*Goal of the exercise*
The lines below, beginning at the one that contains "The Mountain Multicolor Dog Therapy T-Shirt" and ending at the last, are to be retyped exactly.

*Data records*
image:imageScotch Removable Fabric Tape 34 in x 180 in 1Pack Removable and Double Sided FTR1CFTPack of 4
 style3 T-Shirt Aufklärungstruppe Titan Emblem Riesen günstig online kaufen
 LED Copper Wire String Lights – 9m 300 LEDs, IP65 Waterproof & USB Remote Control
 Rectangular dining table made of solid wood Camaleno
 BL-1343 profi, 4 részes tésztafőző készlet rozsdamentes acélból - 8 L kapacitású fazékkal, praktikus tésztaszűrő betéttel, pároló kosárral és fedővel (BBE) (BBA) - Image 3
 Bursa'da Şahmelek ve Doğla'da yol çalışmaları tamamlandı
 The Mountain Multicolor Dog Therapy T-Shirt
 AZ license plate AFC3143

*Answer for this exercise*
 The Mountain Multicolor Dog Therapy T-Shirt
 AZ license plate AFC3143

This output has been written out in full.